### WORK REQUIRED:
Write the listing out again word for word, skipping each picture.

### DATASET EXTRACT:
• • • • • • •

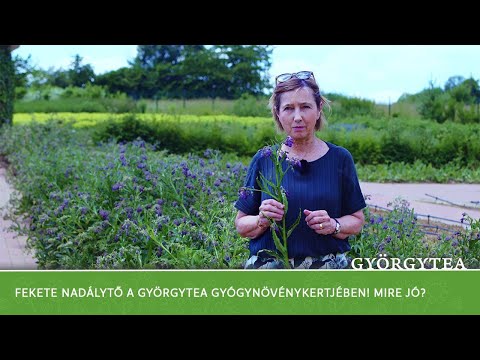 Videó: Gyógyhatású nadálytő növények: mandragóra és belladonna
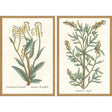Paragon Botanical Plants III S/2 Green 31 X 21 X 2 Wall Art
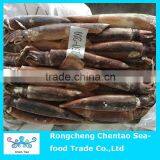 Fresh Illex Squid Whole Round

• • • • • • •

### RESPONSE TO THE EXERCISE:
 Videó: Gyógyhatású nadálytő növények: mandragóra és belladonna
Paragon Botanical Plants III S/2 Green 31 X 21 X 2 Wall Art
 Fresh Illex Squid Whole Round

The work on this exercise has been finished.